March 16, 2012 at 10:21 am
(This post was last modified: March 16, 2012 at 10:23 am by genkaus.)
(March 16, 2012 at 6:44 am)tackattack Wrote: The brain is physical. The mind is mental. The agent of self is a mental attribute. Free will is also a mental attribute. I believe will is not forced or predetermined by cusal chains outside of any influence. These abstracts or insubstantials hold no material space as the brain does, therefore they're seperate from the material. Therefore I believe that there are more than determined and material things that exist in reality. I believe reality exists in in more than just material substance.
As I see, your position on free-will is derived from following metaphysical assumptions.
1. There are two separate components of reality - physical and non-physical (which could be alternatively referred to as mental).
2. The mental component is not only separate from, but independent of the physical component.

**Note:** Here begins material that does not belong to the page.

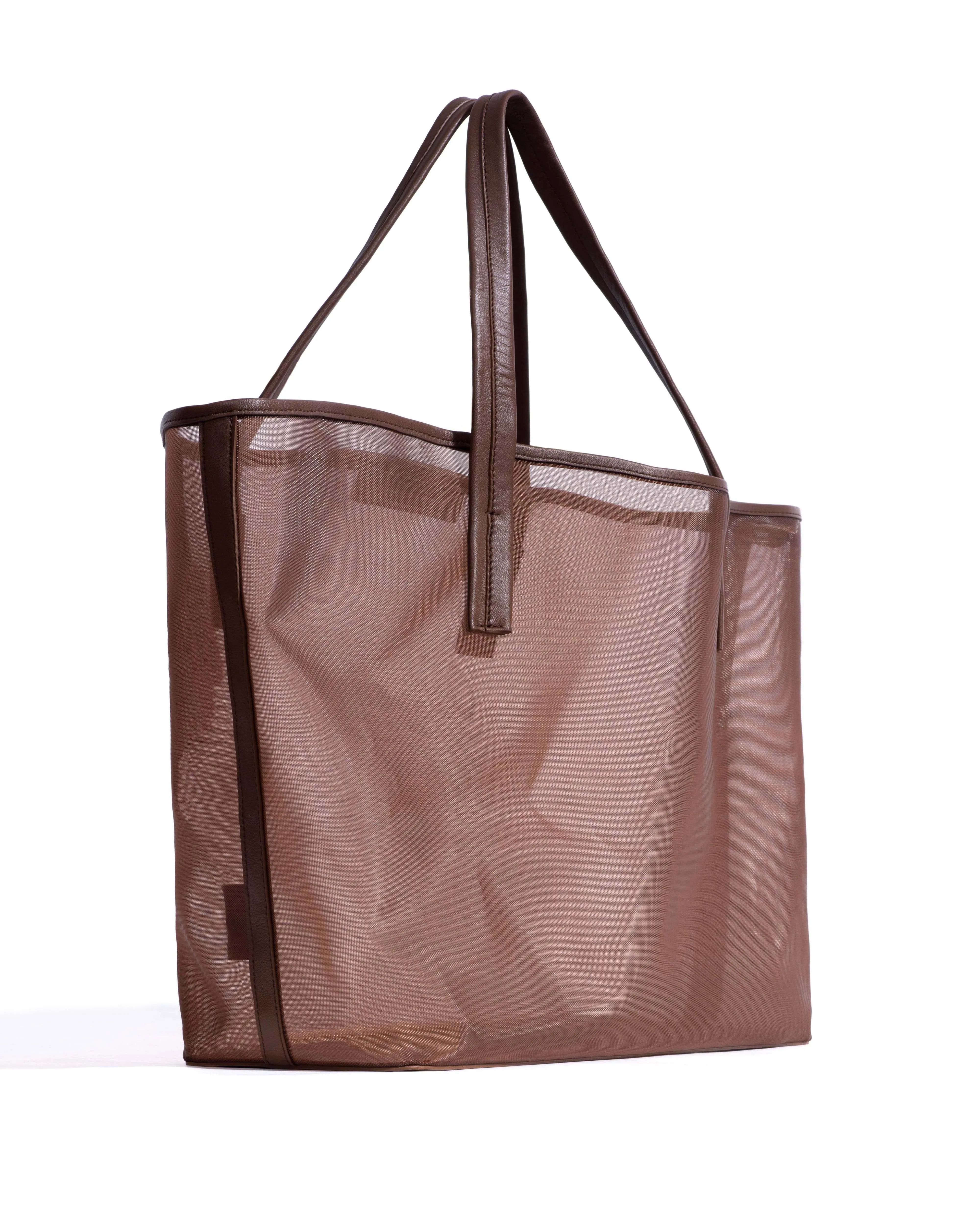 Ruba shopper mesh Shiny lamb & mesh Chocolate sold by Anonymous Copenhagen product image thumbnail 2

That is the only way it could exist while remaining independent of certain laws governing the physical component - specifically - the law of causation.
Now, what other conclusions can be drawn form these premises?
1. Since you have argued that the mental could exist independently of the physical, but never argued the other way around - either the physical reality is also independent of the mental reality or it is dependent upon it.
2. Since the implications of these assumptions are very much a part of physical reality - the physical reality is not independent of the mental one, but dependent upon it.
3. Therefore, the mental reality holds primacy over the physical - that is, in any apparent contradictions regarding the facts - the laws of this mental reality would supersede the laws of physical reality.
Now, let us look at some laws of physical reality that would not be applicable to the mental reality.
1. As stated, the law of causation does not apply to mental reality.
2. The law of causation is a necessary consequence of law of identity (an entity is what it is and can only act according to its nature). Therefore, the law of identity is not applicable as well.
3. The entire body of rational inquiry is based on the law of identity - therefore reason and logic as means of gaining knowledge of the mental reality are useless.
So, until now, based on your assumptions, we've gathered following facts about your position - that you believe in a reality beyond the physical reality. that you consider this reality to hold primacy, that you do not have any rational way to know anything about this reality and that between any apparent conflict of facts between this reality and the physical one, you'd choose to accept the other one.
Is it just me or is this position dangerously close to a fundamentalist one?
Moving on from the logical implications of your assumption to the assumptions themselves. Do you have any justification by which you hold these assumptions?
(March 16, 2012 at 8:58 am)NoMoreFaith Wrote: and by default, more incomprehensible. Sorry.
If it was easily comprehensible, then there wouldn't be a need for a discussion, since everyone would be able to figure it out for themselves.